I also snapped what is possibly the first proof there are weather gods watching us! I took this image where the moon was behind the clouds and it looked like a eye looking through the clouds, well to my mind anyhow.
They were probably doing a check on what astro equipment I had brought along.
Here is a pic of the AP night's setup.
I came out for occasional checks as it was COLD out, it snowed on our last night there!
So here is NGC 3372.
Camera settings as follows:
Skywatcher 102 Synscan goto.
ISO 800
133 X 20 second exposures
Canon 1200D(no mods)
Stacked with DSS and processed in Star Tools 1.4
This is a process in progress, I am not very happy with the results and have re-processed this a 1000 times already.

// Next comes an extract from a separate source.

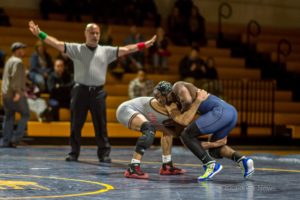 William Penn Wrestling 2017-18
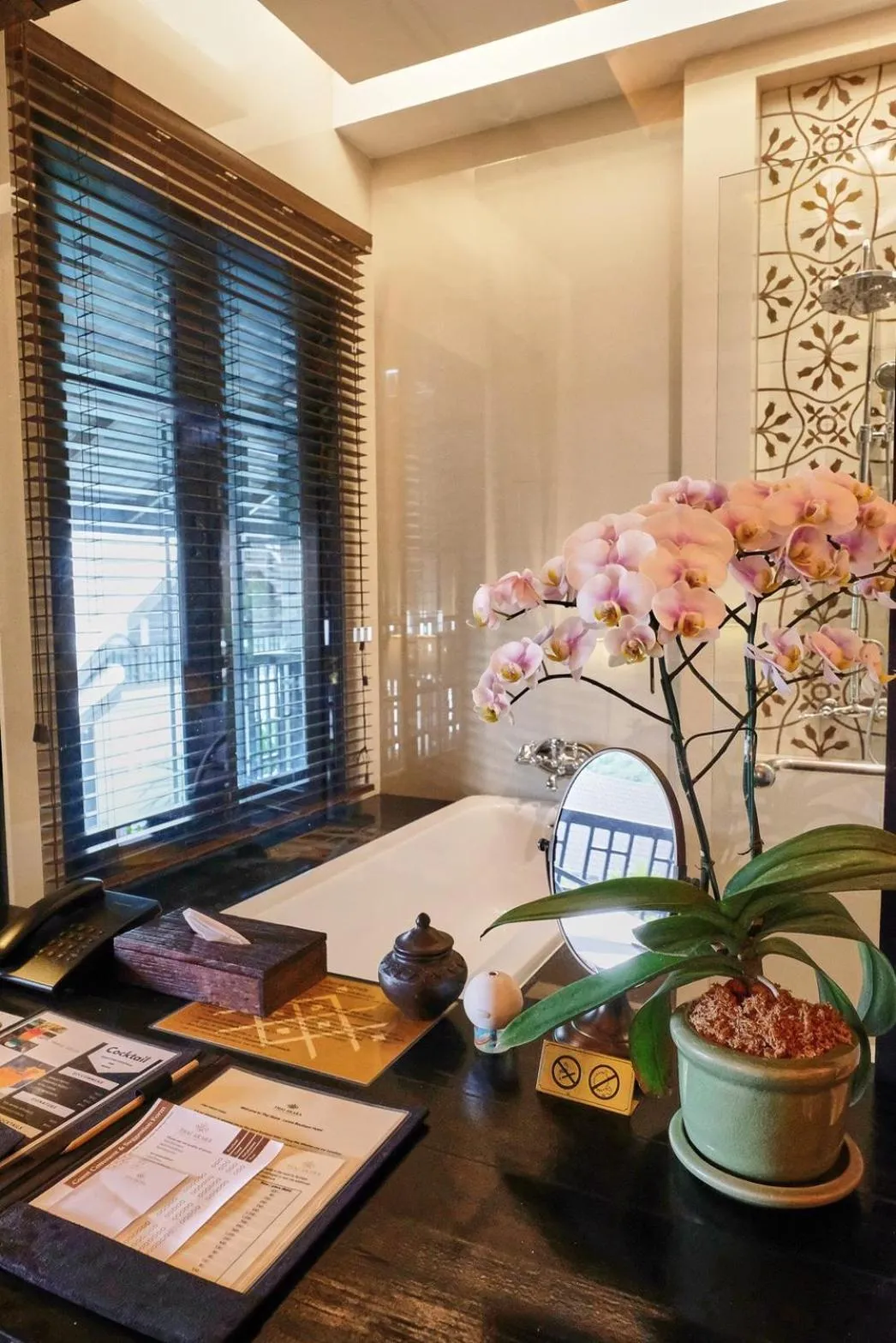 Thai Akara - Lanna Boutique Hotel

So this image will be the one to grace this blog until I get better at the processing.
Still struggling with star colour and bloat, along with the CA that is inherent with my scope.
I have also had to crop the image a lot due to field rotation and to reduce it to a more workable size in star tools without binning.
Also managed to capture a image of Venus at dawn, it is to the top right of the tree.
And last but not least I had the dob out one night and dodged clouds looking at some of my favourite constellations and the treasures contained within each.
The image was taken after completing collimation and setting the scope out to cool and acclimatize.
So that was my 5 day adventure under dark skies and a full moon.
All that is missing is a image I took of the milky way early one AM when the moon had set. I copied it onto a external drive and did a clean up and saved it where I cannot find it now, so will post that when I find the file.